Rather than spend time on problems you don’t have, focus on right now and the inevitable consequences of the code you do have.

It is important to question if a problem you are fixing is a consequence of what you are building or if it is a hypothetical.

Hypotheticals are the sirens song, the poisoned apple. The problems they bring are complex and let you embrace new shinny technologies to fix them, but they are a distraction.

Watch the road, not the scenery.

Your new app may be exactly what changes the world for the better. That means squat if no one sees it. Code’s value only manifests when its running. When we write code, we are instructing the computer how to run. So do it. Write code and run it.

Sure it may be a spaghetti monolith. The deployment pipeline could be better. It could use the newest Javascript framework or run in the cloud. Each of those decisions bring implicit tradeoffs, pick the one that gets your code released and expect things to change.

Users may want a hammer while you spend so long making a drill. The only way to know how your software is used, is for people to use it.

By focusing on what could be or what could happen you’re distracting yourself from what is and what has happen.

There are already enough problems.

If you don’t have users, that’s a problem.

If you have users, they want more, that’s a problem.

If you have written code, by nature of it existing, it will always:

  • Have to be maintained
  • Have bugs or break
  • Be an attack vector
  • Require someone to understand it and make any changes (see your previous problems).

These are problems that will always have to be solved. They are the consequences of the lines of code you brought into the world, so be responsible for it or no one else will.

Fix bugs as they come up. Add features to quell users’ desire for new things. Focus on the consequences of the work you’ve done not the potentialities. Solve scaling to 1000x users as you scale to 1000x users.

Scale is a fundamentally different problem.

If you were tasked with baking a loaf of bread, you would not begin with which model of semitruck would deliver the grain. Baking a single loaf of bread is a challenge in discovery and learning.

What kind of bread? Which recipe to use? What ingredients does it need?

While the problem space is small, you have more room to adapt and experiment. Take advantage of it. This is when you have the smallest number of requirements to juggle. Use this time where you can make mistakes wisely, and learn from it. Make your product and skills better while you still have the freedom to fail.

When you extrapolate the bread baking to scale, you begin to ask more questions.

Which stores to partner with? How do we onboard more bakers? What can we do to ensure quality and freshness across state boundaries?

The questions come down to how can we take what we already have and maintain enough efficiency as it scales.

Choosing partners requires having the reach and negotiationing power to do so. Onboarding bakers means the amount of bread being sold exceeds or is exceeding the bread baked.
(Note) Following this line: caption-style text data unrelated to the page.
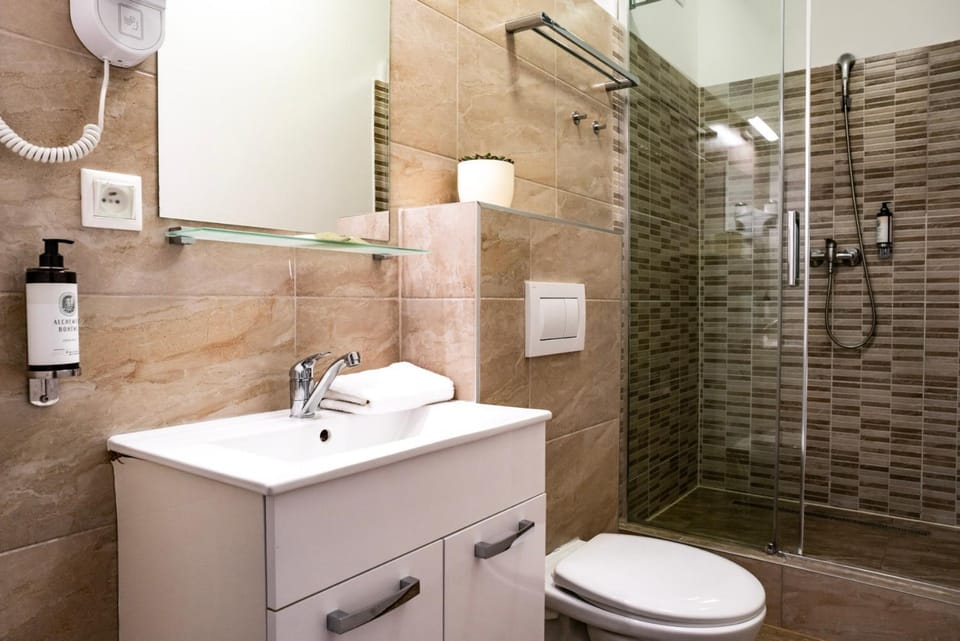 Shower, Toilet, Bathroom, towels
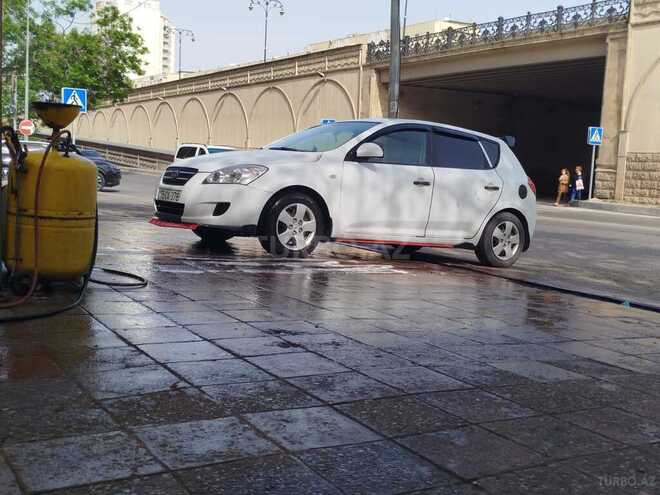 Kia Ceed 2009, 228,000 km - 1.6 л - Bakı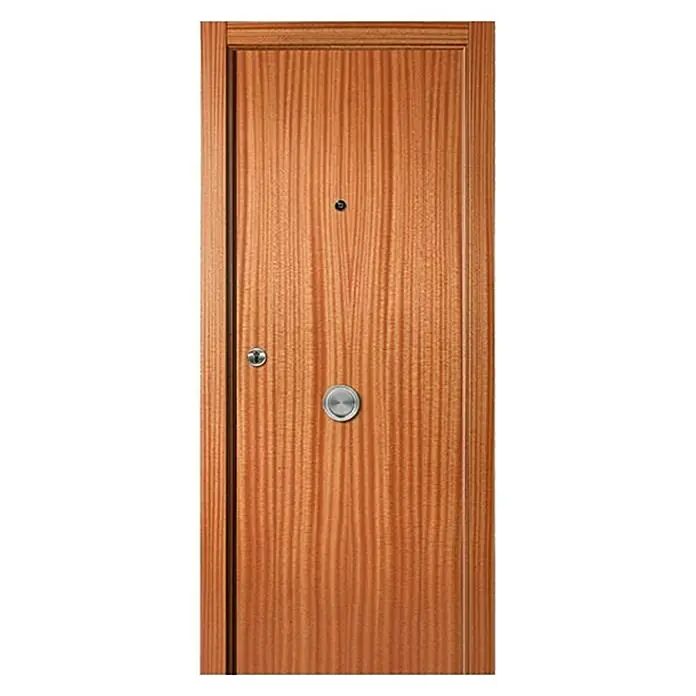 Solid Elements Puerta de entrada interior - 82,5 x 203 cm, Derecha, Sapelly, Blindada - Primer plano de una puerta de madera con mirilla y pomo plateado. La puerta presenta una fina veta de madera y un marco robusto.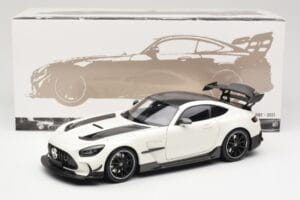 Mercedes AMG GT C190 Black Series Diamond White Metallic Minichamps 1:18 110032020 Метал — снимка 8 от 8
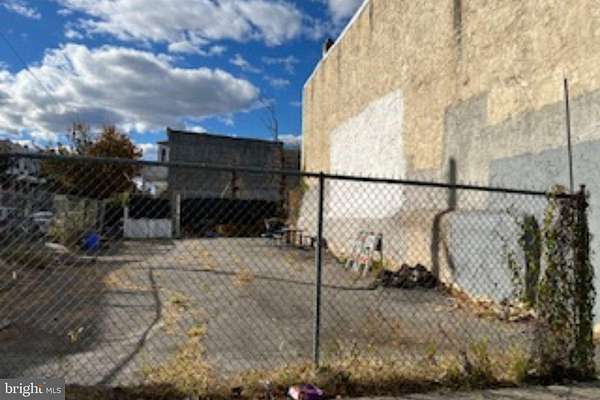 0.03 Acres of Land for Sale in Philadelphia, Pennsylvania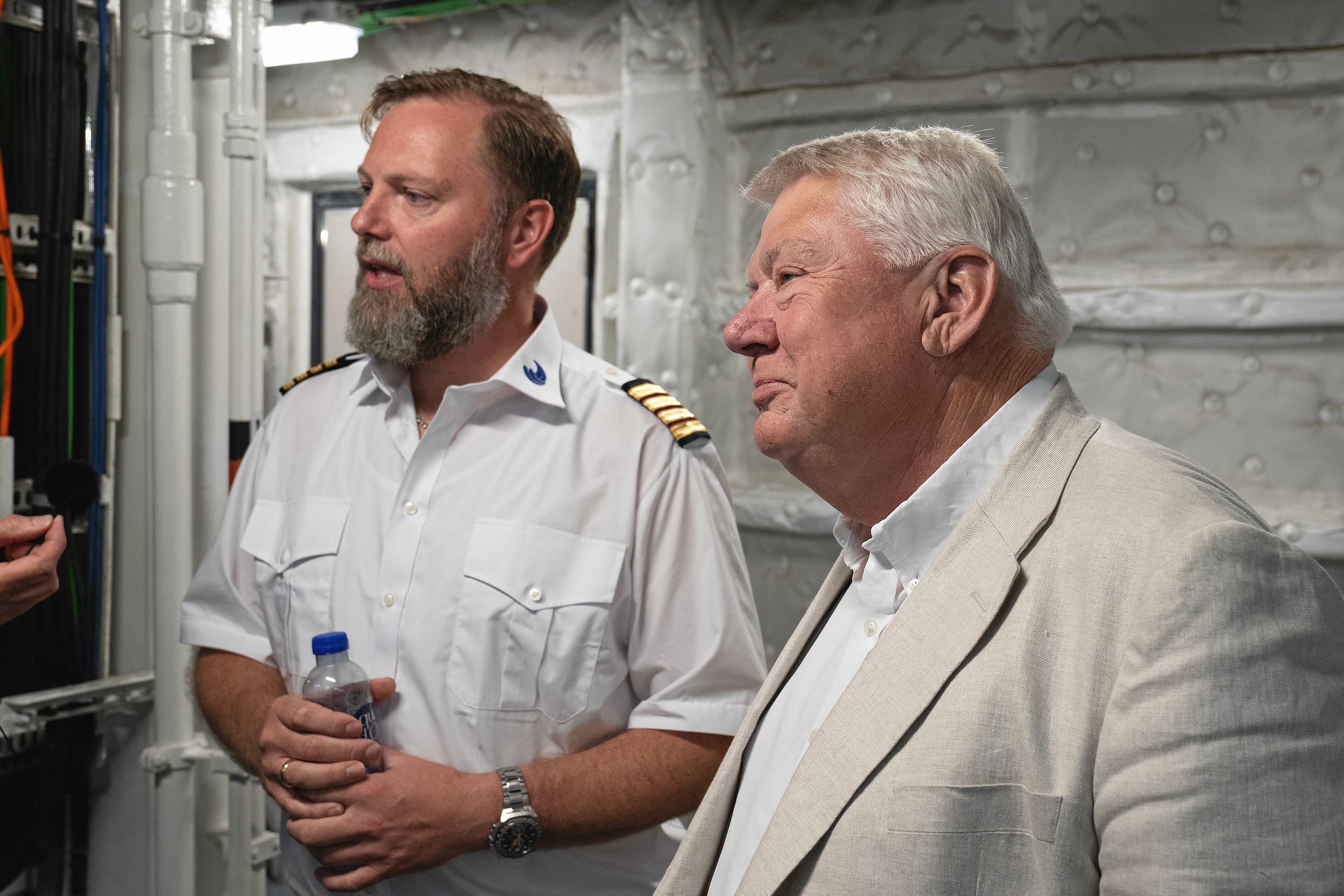 Maskinchef Tino Munck viser rundt i maskinrummet – her sammen med erhvervsmanden Jørgen Mads Clausen fra Danfoss. - Anders Ole Olsen Maskinchef Tino Munck viser rundt i maskinrummet – her sammen med erhvervsmanden Jørgen Mads Clausen fra Danfoss.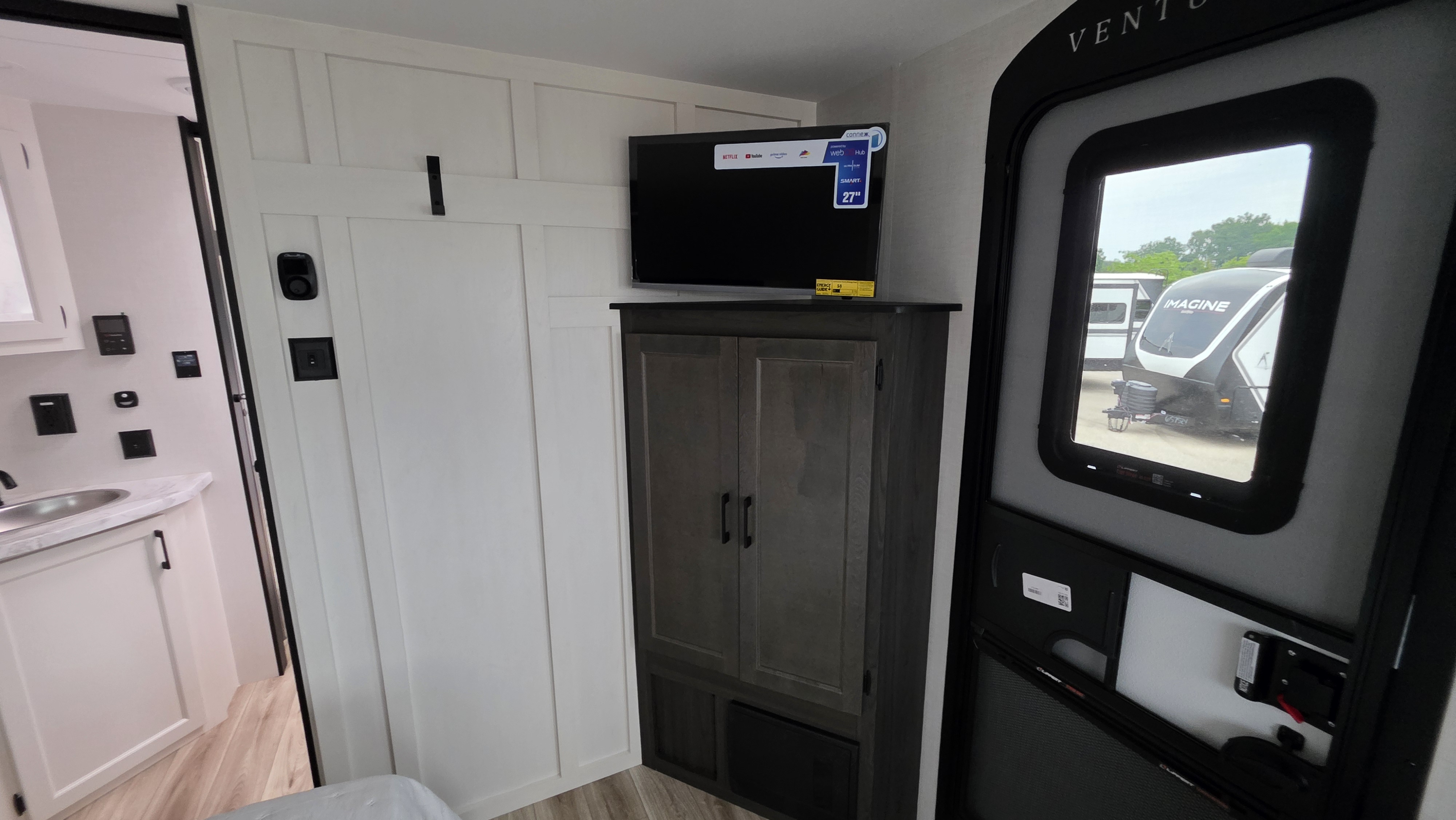2027 VENTURE RV STRATUS 262VFK - Image 28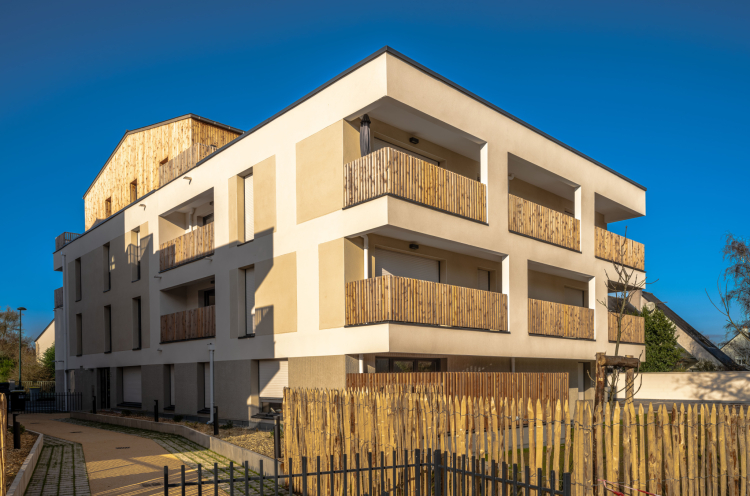 Vente appartement 4 pièce(s) 90 m² - Photo 1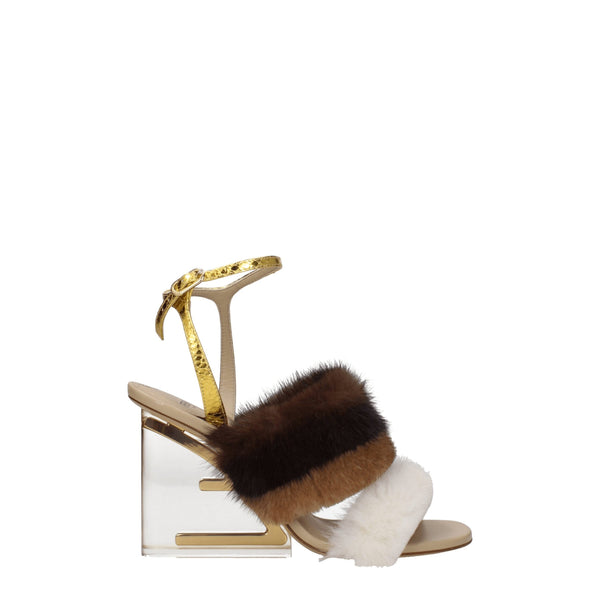 Braune Sandalen mit Nerzbesatz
Ensuring freshness across distance and time requires your bread to be sold far away from the bakery.

When the problems change, the environment has changed.

As more people use your product, the number of things to manage grow. Things will be slowed down. Every new change must make sure it doesn’t break anything already there. The new problems will be large and complex.

Some may be problems originally hypothesized. Some may not. Should you have tried to solve it preemptively, you may have overlooked a crucial component.

However once the problem is actually realized, the requirements and context around the problem become clearer. Bottlenecks are easier to find when they exist. User behaviors become apparent when they use your software.

There will be more resources to solve problems. If you have the problem of selling too much, you will have more social and economical capital to hire talent to help fix the problem.

It is important to note that part of solving problems, such as scale, involve other different problems. Hiring talent is a distinct, nontechnical problem. This would have been a hypothetical problem you didn’t consider (And if you did would you really have made the initial product in the first place). It’s not a problem that uses the shinny software tools.

Solve problems as they come into view.

Thinking in the now ignores tomorrow.

Of course, there is some nuance here. If you were to focus purely on right now, you would never be prepared for tomorrow. Consider how things would change in the future and build something now. Its a delicate balance.

Embrace action, but with a knowing that things will change. Design accordingly. Make decisions that are intentional and easily reversible. Leave room to change things when something goes wrong. Design systems that announce when they need room to grow.